Work required: Repeat the listing that follows without a single change.

Material provided:
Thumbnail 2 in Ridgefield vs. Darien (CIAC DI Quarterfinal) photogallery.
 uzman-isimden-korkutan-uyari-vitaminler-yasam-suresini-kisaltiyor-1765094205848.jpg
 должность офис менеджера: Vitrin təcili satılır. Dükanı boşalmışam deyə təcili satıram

Solved problem:
Thumbnail 2 in Ridgefield vs. Darien (CIAC DI Quarterfinal) photogallery.
 uzman-isimden-korkutan-uyari-vitaminler-yasam-suresini-kisaltiyor-1765094205848.jpg
 должность офис менеджера: Vitrin təcili satılır. Dükanı boşalmışam deyə təcili satıram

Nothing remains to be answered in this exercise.